Many states have developed and implemented all-payer claims databases to address their need for comprehensive healthcare information, including costs, quality, utilization patterns, and access and barriers to care. One purpose behind these initiatives is to provide consumers and purchasers of healthcare services the ability to compare prices and quality as they make healthcare decisions.
There has been no question about the ability of states to acquire such information from insured plans. Although ERISA preempts "any and all State laws insofar as they may now or hereafter relate to any employee benefit plan," 29 U.S.C. § 1144(a), ERISA's "savings clause," saves from ERISA preemption state laws regulating insurance, banking, or securities. But ERISA's "deemer" clause prevents a state from deeming a self-insured ERISA plan "an insurance company or other insurer, bank, trust company, or investment company" for the purposes of regulating it.

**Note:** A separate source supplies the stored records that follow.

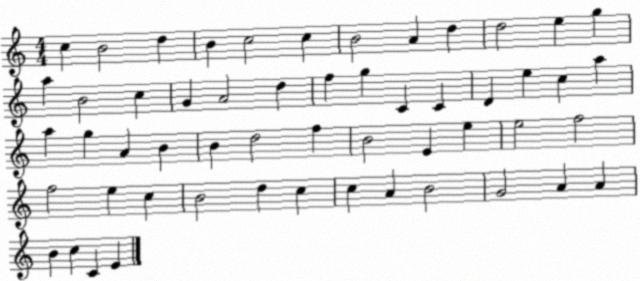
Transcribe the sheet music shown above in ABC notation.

X:1
T:Untitled
M:4/4
L:1/4
K:C
c B2 d B c2 c B2 A d d2 e g a B2 c G A2 d f g C C D e c a a g A B B d2 f B2 E e e2 f2 f2 e c B2 d c c A B2 G2 A A B c C E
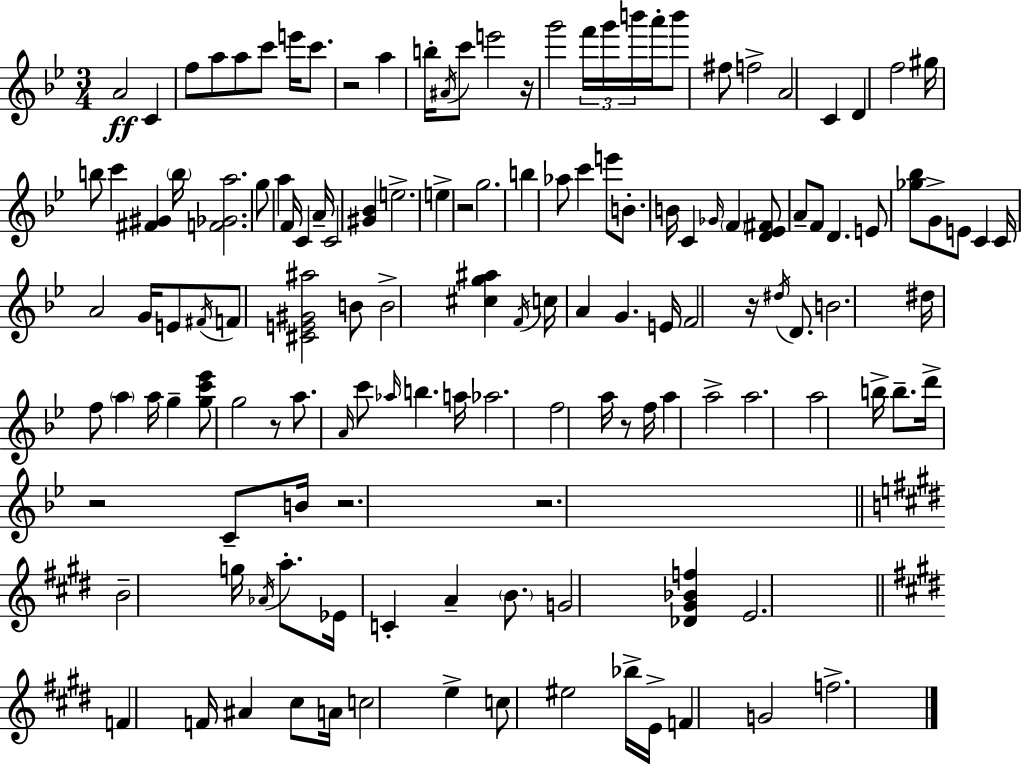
X:1
T:Untitled
M:3/4
L:1/4
K:Bb
A2 C f/2 a/2 a/2 c'/2 e'/4 c'/2 z2 a b/4 ^A/4 c'/2 e'2 z/4 g'2 f'/4 g'/4 b'/4 a'/4 b'/2 ^f/2 f2 A2 C D f2 ^g/4 b/2 c' [^F^G] b/4 [F_Ga]2 g/2 a F/4 C A/4 C2 [^G_B] e2 e z2 g2 b _a/2 c' e'/2 B/2 B/4 C _G/4 F [D_E^F]/2 A/2 F/2 D E/2 [_g_b]/2 G/2 E/2 C C/4 A2 G/4 E/2 ^F/4 F/2 [^CE^G^a]2 B/2 B2 [^cg^a] F/4 c/4 A G E/4 F2 z/4 ^d/4 D/2 B2 ^d/4 f/2 a a/4 g [gc'_e']/2 g2 z/2 a/2 A/4 c'/2 _a/4 b a/4 _a2 f2 a/4 z/2 f/4 a a2 a2 a2 b/4 b/2 d'/4 z2 C/2 B/4 z2 z2 B2 g/4 _A/4 a/2 _E/4 C A B/2 G2 [_D^G_Bf] E2 F F/4 ^A ^c/2 A/4 c2 e c/2 ^e2 _b/4 E/4 F G2 f2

In 2008, Vermont passed legislation establishing an all-payer claims database. Vt. Stat. Ann. tit. 18, §9410. The statute provided for the Vermont Healthcare Claims Uniform Reporting and Evaluation System (a newly created agency) to compile claims information from self-funded and fully insured plans into a database with the purpose of showing "all health care utilization, costs and resources" available and provided in the State. The database was designed to enable Vermont "to determine the capacity of existing resources, identify health care needs, evaluate effectiveness, compare costs, provide information to consumers and purchasers of health care, and improve the quality and affordability of patient health care and health care coverage." Liberty Mut. Ins. Co. v. Kimbell, No. 2:11-CV-204, at *2 (D. Vt. Nov. 9, 2012) (220 PBD, 11/15/12).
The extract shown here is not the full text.